Queen's Greatest Hits 4 and Spotify API
28 Mar 2020
Corona epidemic makes people spend time on silly stuff. So a colleague introduced me to a challenge of making a list of Queen’s Greatest Hits that are NOT already on existing Greatest Hits 1, 2 or 3.
I grew up with Queen and it is still The Band in my records. So I immediately knew that this challenge is not going to be an easy one to pass. But instead of qualitative, personal solution that other people came up with, I decided to go for an automated, democratic solution.
So what I did (reference to relevant information below the list), was to create a small bot that automatically checks all the Queen song versions in Spotify (n = 1637), ranks them by popularity, removes the ones that are already on other Greatest Hits albums and maintains an updating playlist of these hits. For everybody’s enjoyment, here it is:
For reference, steps and tools:
- Need to create a client_id and an app in developer.spotify.com.
- Access the Spotify Web API RESTfully. There are many ways. I decided to use Spotipy Python library, which seemed quite robust and is well documented, with ample examples.
- Get all Queen albums and tracks through the API.
- Identify unique song names. For example all of these should have same unique song identity: “Doing Alright”, “Doing Alright - Remastered 2011”, “Doing All Right - Live at the BBC” etc… (VERY TEDIOUS and TIME CONSUMING half-automated/half-manual work).

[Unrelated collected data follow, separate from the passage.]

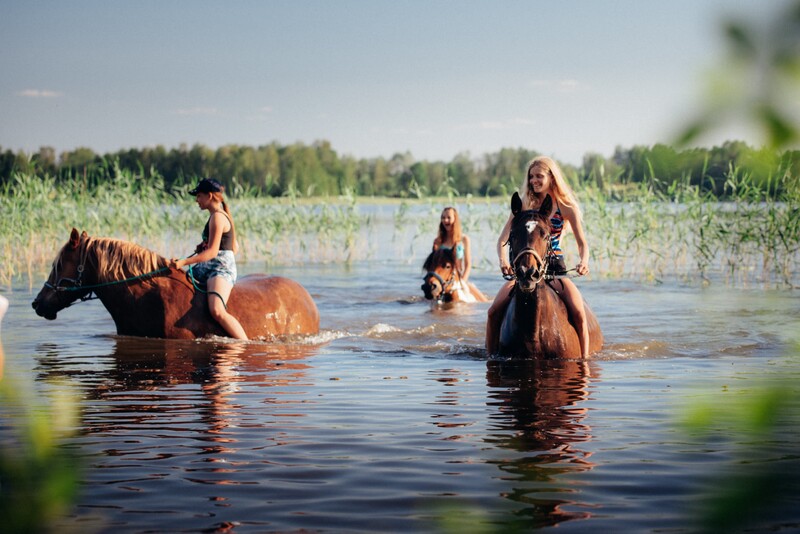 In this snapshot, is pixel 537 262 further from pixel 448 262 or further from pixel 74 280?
pixel 448 262

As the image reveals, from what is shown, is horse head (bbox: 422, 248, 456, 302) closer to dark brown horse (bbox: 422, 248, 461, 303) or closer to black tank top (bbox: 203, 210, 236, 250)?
dark brown horse (bbox: 422, 248, 461, 303)

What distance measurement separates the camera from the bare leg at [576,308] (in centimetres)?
780

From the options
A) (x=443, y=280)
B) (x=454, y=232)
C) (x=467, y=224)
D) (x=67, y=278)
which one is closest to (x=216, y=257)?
(x=67, y=278)

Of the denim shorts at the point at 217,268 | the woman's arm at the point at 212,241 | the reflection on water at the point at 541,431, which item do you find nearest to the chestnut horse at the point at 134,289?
the denim shorts at the point at 217,268

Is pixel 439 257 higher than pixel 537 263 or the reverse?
the reverse

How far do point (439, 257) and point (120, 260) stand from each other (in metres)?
4.93

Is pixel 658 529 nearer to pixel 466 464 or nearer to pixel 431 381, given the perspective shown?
pixel 466 464

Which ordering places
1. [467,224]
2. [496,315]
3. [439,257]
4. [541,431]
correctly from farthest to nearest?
[467,224] → [439,257] → [496,315] → [541,431]

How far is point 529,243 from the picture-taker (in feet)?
22.7

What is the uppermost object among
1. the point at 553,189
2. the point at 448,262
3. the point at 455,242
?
the point at 553,189

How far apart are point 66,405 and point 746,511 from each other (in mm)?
752

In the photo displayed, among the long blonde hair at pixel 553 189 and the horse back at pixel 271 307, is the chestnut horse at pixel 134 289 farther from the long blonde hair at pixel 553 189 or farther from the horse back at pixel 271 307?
the long blonde hair at pixel 553 189

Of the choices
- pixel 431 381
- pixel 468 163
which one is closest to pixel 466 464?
pixel 431 381

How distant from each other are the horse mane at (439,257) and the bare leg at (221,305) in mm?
4075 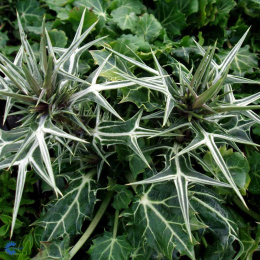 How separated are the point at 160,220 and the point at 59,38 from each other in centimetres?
91

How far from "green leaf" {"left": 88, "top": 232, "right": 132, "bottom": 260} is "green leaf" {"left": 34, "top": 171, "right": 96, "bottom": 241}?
3.2 inches

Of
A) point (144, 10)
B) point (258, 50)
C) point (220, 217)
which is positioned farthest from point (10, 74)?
point (258, 50)

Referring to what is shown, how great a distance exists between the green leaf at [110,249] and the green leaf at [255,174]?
1.72ft

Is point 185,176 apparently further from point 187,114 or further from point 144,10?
point 144,10

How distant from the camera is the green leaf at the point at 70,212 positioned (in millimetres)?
980

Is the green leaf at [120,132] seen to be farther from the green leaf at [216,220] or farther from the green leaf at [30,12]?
the green leaf at [30,12]

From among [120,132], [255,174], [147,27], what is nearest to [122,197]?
[120,132]

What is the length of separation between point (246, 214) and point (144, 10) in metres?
1.07

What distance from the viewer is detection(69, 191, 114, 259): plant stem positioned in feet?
3.26

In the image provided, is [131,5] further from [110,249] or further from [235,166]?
[110,249]

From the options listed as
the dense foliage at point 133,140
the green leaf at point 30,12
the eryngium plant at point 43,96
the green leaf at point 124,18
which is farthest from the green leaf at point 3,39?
the eryngium plant at point 43,96

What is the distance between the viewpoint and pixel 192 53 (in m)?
1.20

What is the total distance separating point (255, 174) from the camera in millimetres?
1097

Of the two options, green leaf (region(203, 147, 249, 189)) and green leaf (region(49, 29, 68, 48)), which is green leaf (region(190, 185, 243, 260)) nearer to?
green leaf (region(203, 147, 249, 189)) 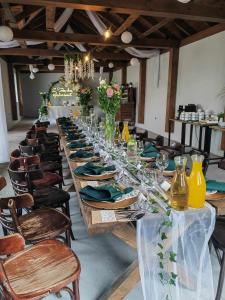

- Get popularity value for songs. Important note: Spotify API does not currently expose play count for songs. Instead, it uses a its own popularity rating (1-100) based “in the most part, on the total number of plays the track has had and how recent those plays are”. The problem here is that “duplicate tracks (e.g. the same track from a single and an album) are rated independently.” For a band like Queen, whose songs have a very large amount of versions (original, remastered, live, soundtrack, another live, single, demo, mix etc.) this is a problem. The best way would be to sum up the play count of all versions of a song and use that. Instead, I ended up using the most popular version of each song (this might explain why a “song” like “Ay-Oh” gets to the list. There is only one version and it is on a recent, popular soundtrack album). I hope Spotify will open the play count numbers through the API in the future. Else, possibly breaking workarounds should be made.
- Create a sorted list of all songs based on their popularity, keep only the most popular version of a song and discard the rest, weed out the songs that are already on Greatest Hits 1, 2 and 3. Select 20 songs that are still on the top of this list.
- Authenticate a user (me) and access that user’s profile. Create (once) a playlist and update this playlist (daily cronjob) to maintain an up-to-date version of the list when Spotify users’ listening habits change.
- Done
Evaluation of results
- Love of my life is by far the most popular song that is not on the Greatest Hits albums. Why is it not on those albums? Eludes me.
- Ay-Oh (Freddie Mercury engaging the crowd of Live Aid) is track number 18 on Bohemian Rhapsody movie soundtrack album and secondmost popular song on this list. It being so popular has to mean that people actually go and select that song from the list and play it. Or else, Spotify popularity algorithm is playing some tricks here.
- Cool Cat is a disco song on a not-so-good Queen album. It being so high on this list is a big surprise.
- My Fairy King BBC Sessions recording is a delightful surprise.
- Nice to have older hardish rock era Queen songs on the list (Brighton Rock, Sheer Heart Attack, Stone Cold Crazy…)
- Queen easily has enough good songs to fill a Greatest Hits 4.